I think they were. My brother was quite theatrical, too, and they were baffled about where it came from. But I can't remember them for a moment expressing consternation about it. When I was younger, I did more singing than acting. Lots of singing in inappropriate clothes [laughs]. I went to a singing group and they dragged me willingly around all these competitions. I think they felt I was being channelled in the right direction because I was quite hyperactive. They were totally supportive.

What does your brother do now?

He's super-clever with computers and the media. I don't even understand what he does.

Are your own children [Maggie, three, and Nancy, one] latent performers?

I'm slightly dreading it, to be honest, because I've done well – touch wood. I'm really lucky to work as much as I do and my husband is successful in the same industry and I dread it because we are not reflective of most people in this profession. There are hardly any parts and a lot of actors and so many people don't work and struggle really hard to keep going.

Your husband, Roger Michell, is an acclaimed film, TV and theatre director. Do you give each other honest critiques of your work?

I totally welcome Roger's – and I'm using inverted commas here – "notes". I'm not an overly sensitive person. I don't get offended if someone comes up to me in Waitrose – for some reason, it's Waitrose in particular – and says: "Oh, I saw you in Cabaret. I hated it. You weren't very good." It doesn't bother me. I think: "OK, that's your opinion and, yeah, maybe I wasn't very good." Rog is one of the best directors I've ever worked with. So if I'm doing a play, he will come to the preview and tell me what he thinks. As I value him as an artist, I'd be dumb not to take it on board.

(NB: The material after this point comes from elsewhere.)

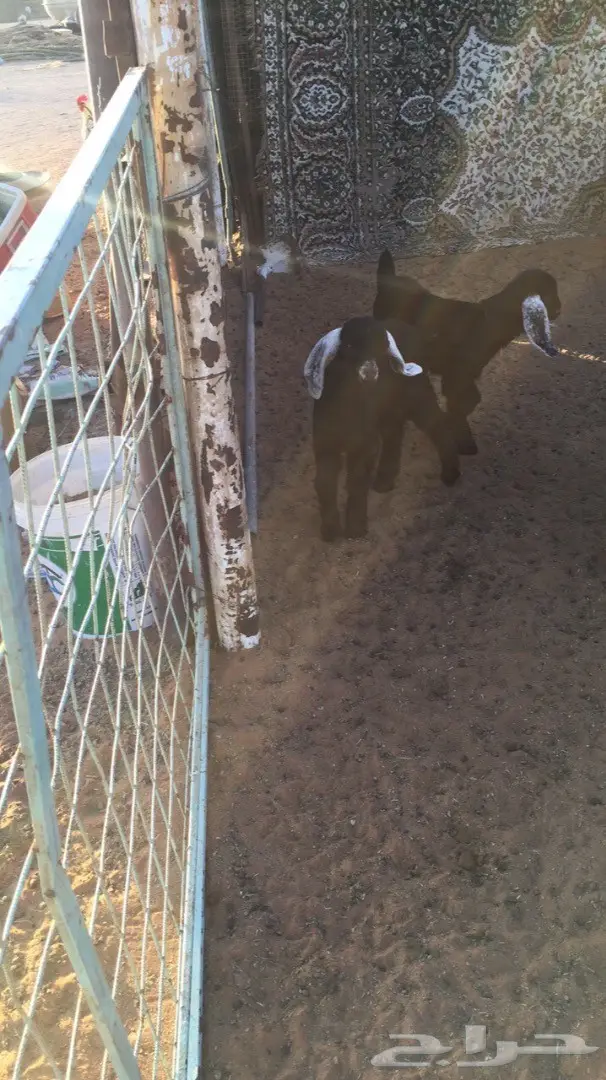 عنز طيبه سديس معها 2  (image 2)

What's your favourite film of his?

My favourite is The Mother. I love his darkly comic work. I love Venus as well. He also does amazing theatre.

Not Notting Hill then?

[chuckles] Notting Hill is not really my kind of film. I find it arse-achingly middle class.

Your husband is some years older than you and has two grown-up children. What's it like being a stepmother?

I don't think of myself as a stepmother because I don't feel I've mothered them. They're amazing and make me laugh. I get on very well with them because they're so funny and bright.

I read somewhere that you like a  dance-off…

Oh I got totally misquoted saying I can dance like Rihanna. I can't! What I did say is that I enjoy a dance-off with my stepdaughter and her friends. In fact, it was my stepson's 21st birthday recently and I was waiting all evening for a dance-off but they're all at Cambridge and very sophisticated so it never happened.

You've played so many different and varied characters. Apart from in Waitrose, do people recognise you?

Never, ever. I went to a friend's recently and one of the guests said: "Oh, I don't really know who you are or what you do but the only decent telly I've seen recently is a series called Accused [the BBC anthology series directed by Jimmy McGovern] and I really liked the last episode which had a really good person in it." And my friend said: "That was Anna."

It's important to me because I've played lots of different things and it means I've managed to pull off lots of different characters.

What is the greatest piece of acting you've seen?

The work that has most inspired me is a film called The Arbor, with Monica Dolan. It's extraordinarily powerful. The acting is amazing.